Kom El Hetan, Thutmoses III and Karnak – from the West to the East Bank
A few days of work have happened since the last blog, and plenty has happened since the weekend. The team woke up on Monday to find that it had been raining all night in Luxor, and it continued until the middle of the morning. So much so in fact that a huge pool of water developed next to the flat entrance. The inadequate drainage meant that around 3pm a van turned up and pumped the water away.
The poor weather, pretty incredible by Luxor standards, prevented any fieldwork that day (everything shut down, and it seemed pointless to survey using ERT and GPR on the West Bank) so a day of office work was planned instead.
By Tuesday morning the weather had improved, although a strong northerly wind was blowing, pushing that morning’s balloon parties on the West Bank across to South Luxor. The view from the balcony at 6.40am showed them going over the football ground next to the flat, and at least one landed in the fields along the Nile on the road to work.
Our work on Tuesday comprised finishing the survey at Kom el Hetan, then running GPR along last year’s ERT profile 4, and conducting some tests of the ERT equipment in the centre of the profile, around one of Wilkinson’s ‘mounds’. The last GPR at Kom el Hetan was covered, and we put a station in for the Colossi team using the GPS. On the way back to the van a disturbance broke out among the workmen on site, and it turned out that a cobra had been disturbed mong the crates and pieces of statue in the third court.

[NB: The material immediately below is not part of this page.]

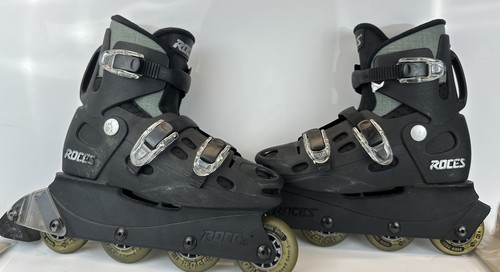 Roces men size vintage - roces, 8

A small crowd gathered, and one of the workmen, speaking to the snake, lured it out of the masonry to the edge of the area, the cobra turning different ways and spitting venom. We had to head back to the van, but the cobra was eventually ‘dispatched’ on site.

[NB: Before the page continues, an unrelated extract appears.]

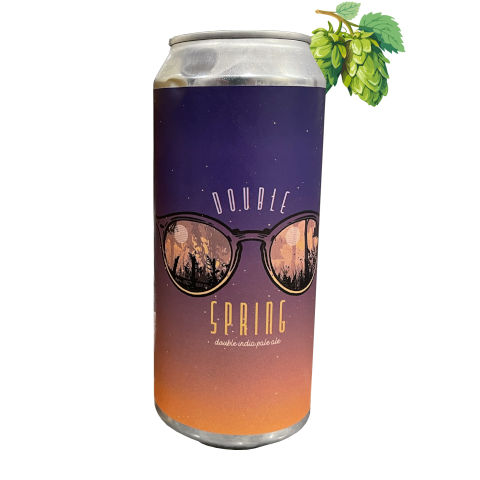 Vitamin Sea - Double Spring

We then headed to P4 near the Ramesseum and ran the GPR over the profile, then commenced ERT. The main part of the day’s work was also the GPR and magnetometry to the east of the temple of Thutmoses III to the north. We ran the GPR over the entire area in the end, some 44m by 40m, over 3km of profile. The raw profiles seem to indicate anomalies on the axis of the excavated temple remains to the west.
Yesterday saw the team transition to the East Bank and Karnak temple. We set up the GPS base station again on the West Bank at Reis Ali’s house, then used this to establish a new station on the roof of Chicago House on the East Bank. We finished the day surveying with ERT and GPR at Karnak, running the GPR on two profiles across the temple axis, one of these through the hyperstyle hall, with Dom on the GPR console, and Reis Alaa and Yusuf pulling the antenna.
The survey made interesting viewing for the crowds of tourists pcoming iinto the hall by the mid-afternoon. Some anomalies were found along these (over 650m) lengthy profiles, and these will help us to plan the work here in the coming days. More back at Karnak this morning!